A cultural haunting, according to coiner of the term Kathleen Brogan, is a new genre of ghost story, focusing on the haunting of a group and driven by a collective unconscious. No more are the thrilling fireside tales of yore; instead the reader experiences a rediscovering of identity and a hallucinatory haunting of the self. Toni Morrison has written about a concept she calls “rememory”, where an object or person may be gone but lives on in the thoughts and memories of those close to it. No longer is “I think, therefore I am” relevant. Instead, it should be written “I remember, therefore it is.” Such is a cultural haunting.

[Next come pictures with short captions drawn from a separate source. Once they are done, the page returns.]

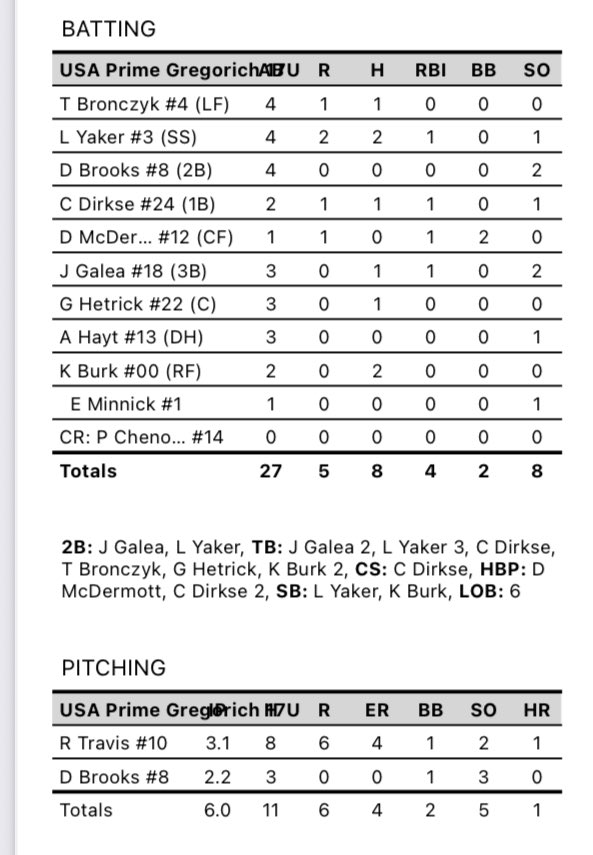 USA Prime MI 17u Exposure (@usapgregorich) on Twitter photo 🚨FINAL🚨
The guys drop GM1 6-5.
<a href="/TylerBronczyk/">Tyler Bronczyk</a> 1-4 1R
<a href="/levi_yaker/">Levi Yaker</a> 2-4 2R 1RBI
<a href="/CarterDirkse/">Carter Dirkse</a> 1-2 1R 1RBI HBP
<a href="/Griffin_Hetrick/">Griffin Hetrick</a> 1-3
<a href="/BurkKaleab/">Kaleab Burk</a> 2-2
<a href="/drewmcdermott0/">Drew McDermott</a> 0-1 2BB 1RBI
<a href="/brooks_daijon/">DaiJon Brooks</a> 2.2IP 3H 0R 1BB 3SO
Back at it tomorrow 1:30 & 6:00pm
Saline High School. 🚨FINAL🚨
The guys drop GM1 6-5.
<a href="/TylerBronczyk/">Tyler Bronczyk</a> 1-4 1R
<a href="/levi_yaker/">Levi Yaker</a> 2-4 2R 1RBI
<a href="/CarterDirkse/">Carter Dirkse</a> 1-2 1R 1RBI HBP
<a href="/Griffin_Hetrick/">Griffin Hetrick</a> 1-3
<a href="/BurkKaleab/">Kaleab Burk</a> 2-2
<a href="/drewmcdermott0/">Drew McDermott</a> 0-1 2BB 1RBI
<a href="/brooks_daijon/">DaiJon Brooks</a> 2.2IP 3H 0R 1BB 3SO
Back at it tomorrow 1:30 & 6:00pm
Saline High School.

Regret can be a cultural haunting, particularly in how it pertains to Americans and the much-vaunted “American Dream”. Jacques Lacan, a French psychologist, pioneered a psychoanalytic theory known as the mirror stage. In the mirror stage children,  recognizing themselves for the first time in the mirror, create an idealized version of the self that they will never be able to achieve. And so, automatically, from six months onwards, humans are failures, at least in comparison to their “perfect selves”. This wouldn’t be a problem in many other cultures, where accomplishing all of one’s dreams is not seen as feasible or necessary. But, in America, a nation whose citizens not only desire but expect justice, equality, and social mobility, the mirror stage has created a perfect storm of dissatisfaction. Even in the richest nation in the world, people are unable to achieve all they aspire to, and it’s a difficult pill to swallow. Regret festers.

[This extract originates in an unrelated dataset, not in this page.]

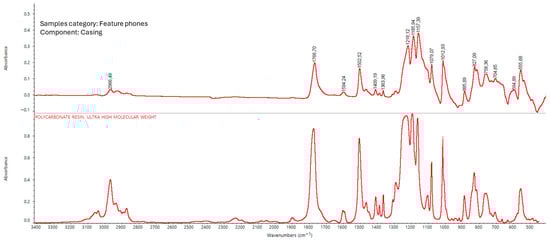 Materials 18 01979 g0a2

Richard Russo’s Empire Falls and Edgar Allan Poe’s A Dream Within A Dream are good examples of thwarted Americana, and will be discussed later. Russo paints a subtle portrait of quietly dying dreams in a small town, and the almost imperceptible acceptance of that loss. In Empire Falls, desires are sacrificed upon the altar of reality. Poe, by contrast, writes a histrionic and Gothic portrayal of grief and loss, an existentialist dirge to wanting what can’t be possessed.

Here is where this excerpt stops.